Nous pouvons raconter notre histoire à partir de nos pieds. Imaginons quelques instants que nous soyons en tête à tête avec nos pieds ; nous y verrions nos douleurs, nos peurs, nos souffrances, nos faiblesses et nos émotions, bref notre vie.

En Afrique, et tout particulièrement à Madagascar, les pieds ne sont pas à l’abri, confinés dans des chaussures mais le plus souvent chaussés dans de simples sandales à l’air libre ou nus en contact direct avec la terre. Plus d’une fois, il m’est arrivé dans la rue d’être en arrêt devant les pas d’un pousse-pousse malgache. Fatigués par les divers terrains qu’ils foulent, les pieds de ces transporteurs infatigables nous parlent. Il suffit de regarder leurs orteils rabougris. Répartis de manière anarchique comme des soldats en déroute, les orteils subissent les aspérités des pavés brûlants de la ville, portent avec eux les traces des accidents de parcours rencontrés sur des chemins boueux ou caillouteux du pays. Recroquevillés sur eux-mêmes, ils semblent ne plus savoir où aller pour fuir leur vie de labeur. Le pied quant à lui s’est affaissé avec le temps, gonflés par les fortes chaleurs, déformés, calleux ou décharnés subissant chaque jour les charges imposées par le pousse pousse.

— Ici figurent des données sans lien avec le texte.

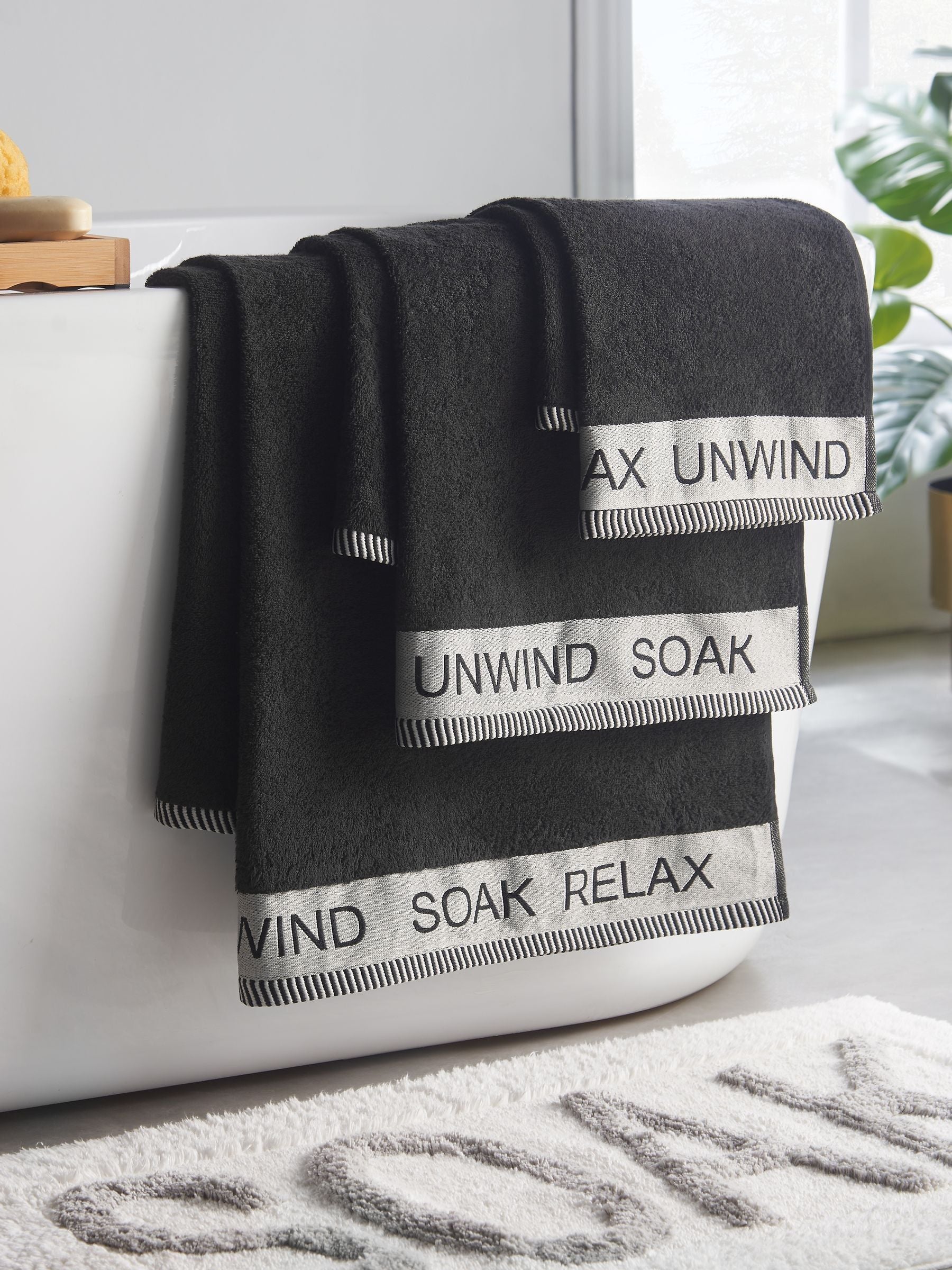 Catherine Lansfield Black Relax and Unwind towel collection (British brand)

Par simple observation photographique, j’ai voulu montrer à travers les pieds des travailleurs malgaches, le reflet de ce qu’ils ont vécu. Restituant par leur aspects (forme, cicatrice) des informations en lien avec leurs chemins parcourus à travers les routes, les pieds sont la mémoire en marche de chacun d’entre eux.